Thank you for reading, MERRY CHRISTMAS!  

Bigk


----------



## Chicon

Hi bigk,

A *}* is missing before the 5th line.


----------



## bigk

Thank you for replying. I'm haveing some trouble finding where to put the }.

bigk


----------



## Chicon

Code:


[SIZE=4]
 } else
{
io.showoutput("nothing happened.");
}
[B]}[/B]  [COLOR=Red]<----- here[/COLOR]
private void doGo (String direction)
{
if(direction == null) }{
[/SIZE]


----------



## bigk

The code said:


> ------------------------------------------------------
> 
> } else
> {
> io.showoutput("nothing happened.");
> }
> private void doGo (String direction)
> {
> if(direction == null) }{ <----------- THIS ONE.
> // if there is no second word, we don't know where to go...
> System.out.println("Go where?");
> return;
> }
> 
> // Try to leave current room.
> Room nextRoom = currentRoom.getExit(direction);
> 
> if (nextRoom == null)
> io.showOutput("I can't go that way.");
> else {
> currentRoom = nextRoom;
> io.clear();
> updateOutput();
> }
> }
> private void updateOutput()
> {
> io.showOutput("room: " + currentRoom);
> io.showOutput(currentRoom.getDescription());
> 
> ------------------------------------------------------


Now it saying it this one that has the "illegal start of expression". (It just went two lines down.)

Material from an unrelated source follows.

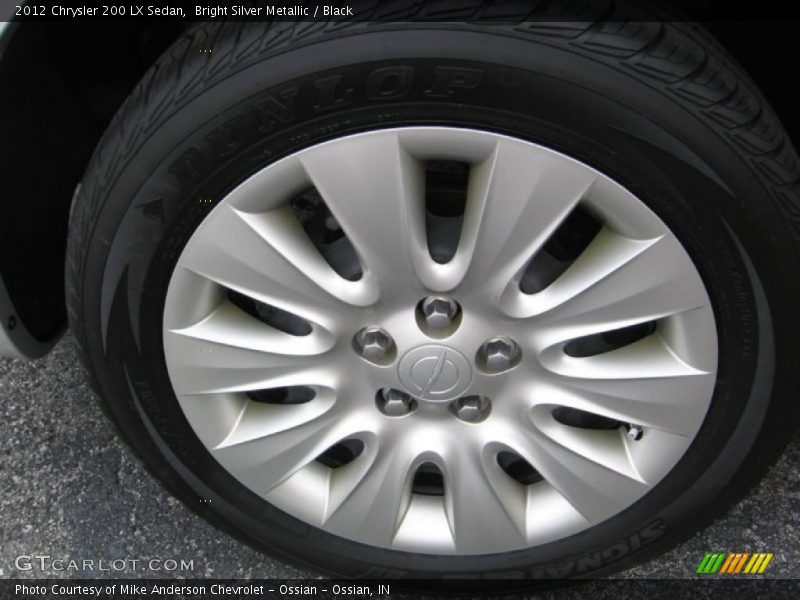 Bright Silver Metallic / Black 2012 Chrysler 200 LX Sedan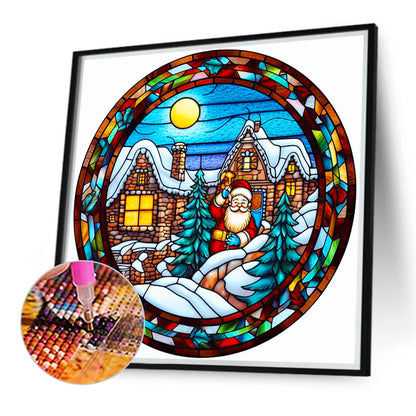 Santa Claus On Location - Full Round Drill Diamond Painting 40*40CM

I've been able to deal with the other problems with I have come across so far when it comes to debugging. But I'm lost on the "illegal start of expression" problem. It you don't want to help any furthur I understand. I just don't want it to become a chain of problems and haveing you helping me through each and every one of them.

Thank you so far!

Bigk


----------



## Chicon

Sorry, I didn't check the remaining code.

* if(direction == null) }{ * is incorrect, there is a } too much.

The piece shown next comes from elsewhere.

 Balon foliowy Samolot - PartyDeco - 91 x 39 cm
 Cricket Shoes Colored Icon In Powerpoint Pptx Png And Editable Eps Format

It must be : * if(direction == null) { *

May I know the development tool you are using ?


----------



## bigk

Chicon said:


> May I know the development tool you are using ?


Blue J

bigk


----------



## bigk

YES! The "illegal start of expression" is now gone! (for now) Thanks to you! I've come across other problems but I think I can handle them plus I don't want to drag this out any longer. Also could you or some one else explain to me in laymans terms what the "illegal start of expression" means? 

I hope you have a good day, 

Bigk


----------



## Chicon

I never used Blue J. I'm using either Eclipse or Borland Jbuilder. 

The "illegal start of expression" generally occurs because there's a mistake just prior to the expression.

:up:


----------



## kev269

i personally like JCreator, not many people seem to use it.


----------



## Chicon

kev269 said:


> i personally like JCreator, not many people seem to use it.


Nice tool ! I just had a look on it. :up:


----------